1902 Encyclopedia > Aqueduct > Aqueduct in Tusculum, Italy

(Part 3)

Aqueduct in Tusculum, Italy

Of the constructions for the conveyance of water in Italy in early times, there is an example at Tusculum, consisting of an oblong basin divided into several chambers, which received the water of a spring, and then distributed it by pipes (tubi, fistulae) or canals. The basin is built of blocks of stone, which, along the sides, overlap each other, till they meet and form a roof – a principle of building which was afterwards supplanted by vaulting, and which occurs also in the earliest Greek masonry. The pipes were either of lead or baked clay. When the course lay in soil, gullies were cut and conduits of masonry built within them. When rocky ground intervened, tunnels were pierced, and in both cases shafts (spiramen, lumen) were made at intervals of about 240 feet, to admit light and fresh air. The inside of the walls of these channels received a coating impervious to water, composed of chalk and crushed fragments of tile.
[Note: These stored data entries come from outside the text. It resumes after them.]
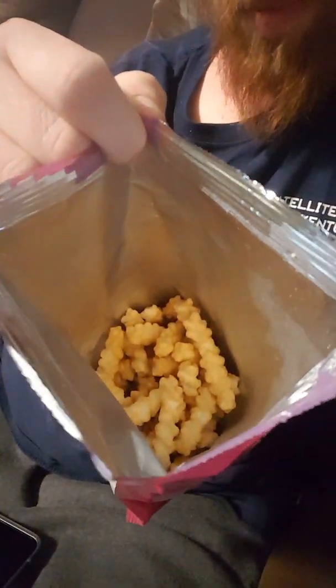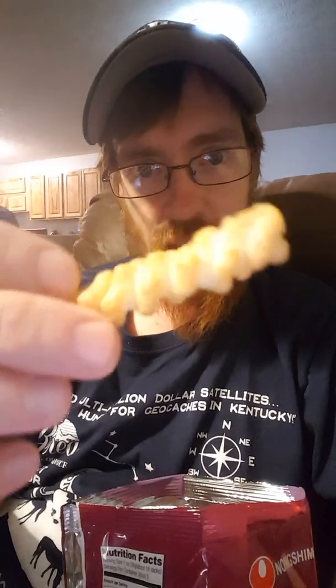Okay, I got the bag open. This is what it looks like in the bag. They kind of look like french fries or something. Take one out. They're kind of twisted looking. They smell like a potato chip.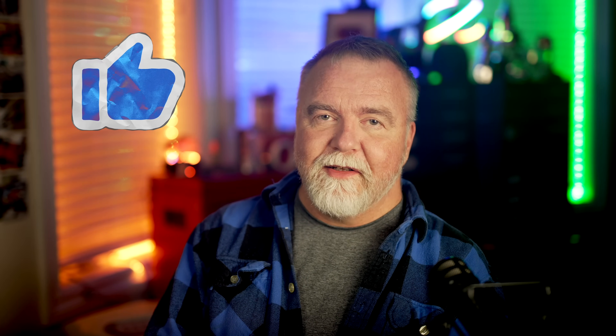Thanks for joining me out here in the shop today. In the meantime, I hope to see you next time, right here in Dave's Garage.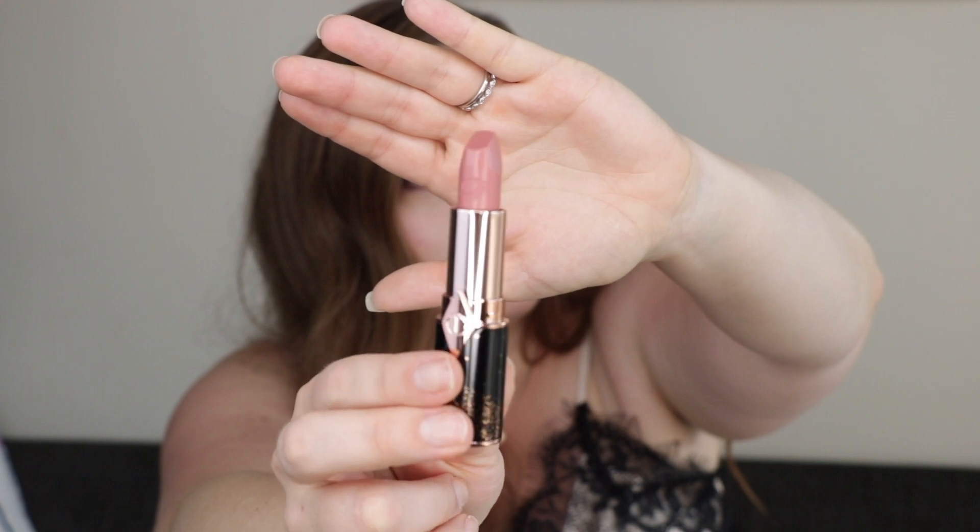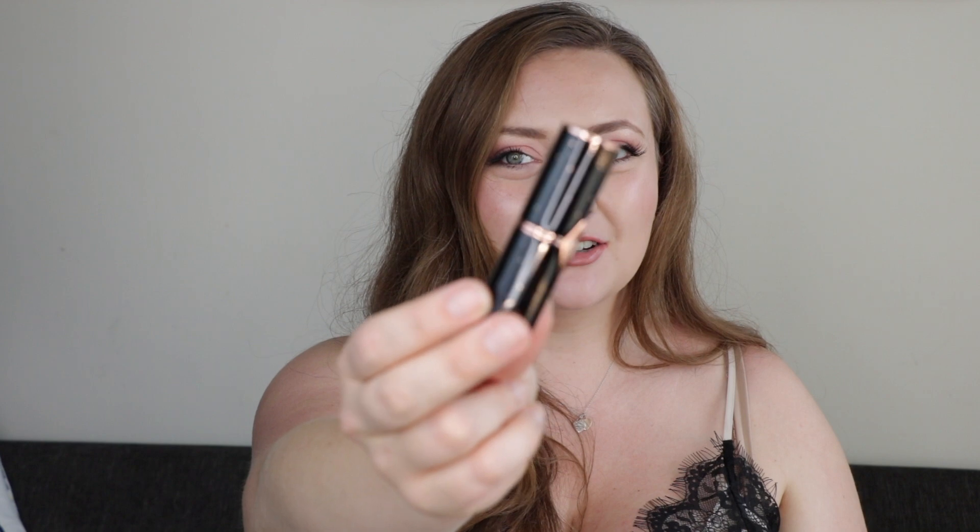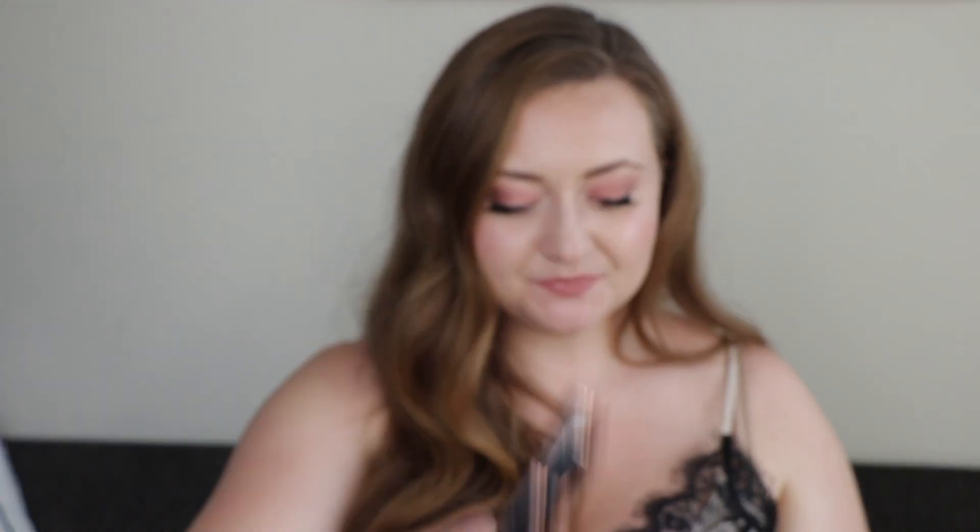Three of these were sent by PR and I purchased the other three — one of them using a gift card my grandma gave me to Nordstrom for my birthday. So let's try some lipsticks on! The first one we're going to try is JK Magic, which is of course named for J.K. Rowling.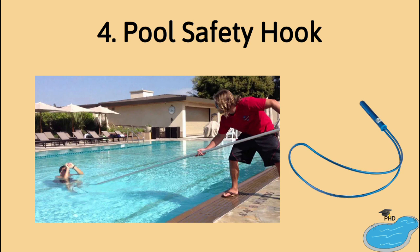Number four: a safety hook, also known as a shepherd's crook. Whenever possible, try to stay on the deck in a rescue situation. Place the hook around the victim's body and, using the pool as leverage, try to pull them in.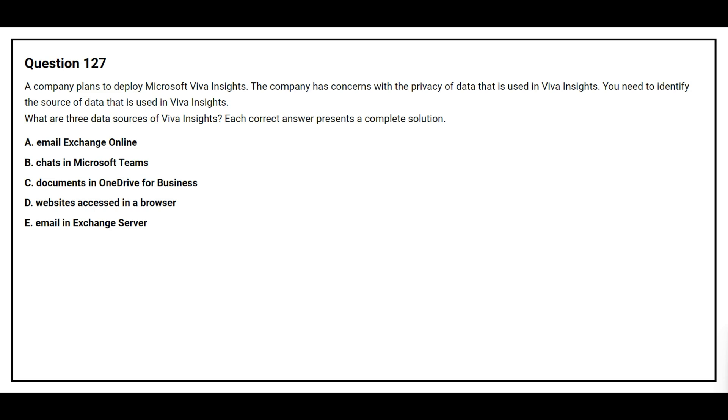Question number 127. A company plans to deploy Microsoft Viva Insights. The company has concerns with the privacy of data that is used in Viva Insights. You need to identify the source of data that is used in Viva Insights. What are three data sources of Viva Insights? Option A: email Exchange Online. Option B: chats in Microsoft Teams. Option C: documents in OneDrive for Business. Option D: websites accessed in the browser. Option E: email in Exchange Server. The correct answers are Option A, email Exchange Online; Option B, chats in Microsoft Teams; and Option C, documents in OneDrive for Business.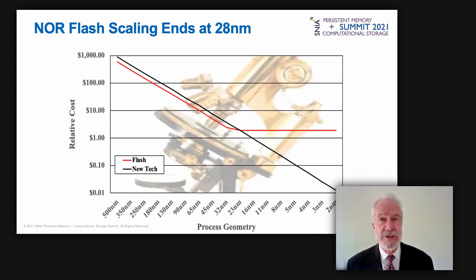This chart illustrates the scaling issue, showing two lines representing NOR flash and an emerging memory technology. Process nodes run along the bottom, shrinking to the right; relative cost on the vertical axis declines with each process shrink. But after the 28 nanometer node, NOR flash stopped scaling, causing cost declines to cease. Manufacturers are migrating to new memory technologies whose costs will eventually fall below NOR flash since they can scale past 28 nanometers.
Where the course was interrupted by an inequality in the ground, a vertical pipe (venter) was placed reaching to the surface or above it. The water rushing up this pipe was freshened by contact with the air, and again fell back to the new course which it had to take. Works of this kind, undertaken for the public convenience, were paid for out of the public purse, a tax being levied for the use of the water.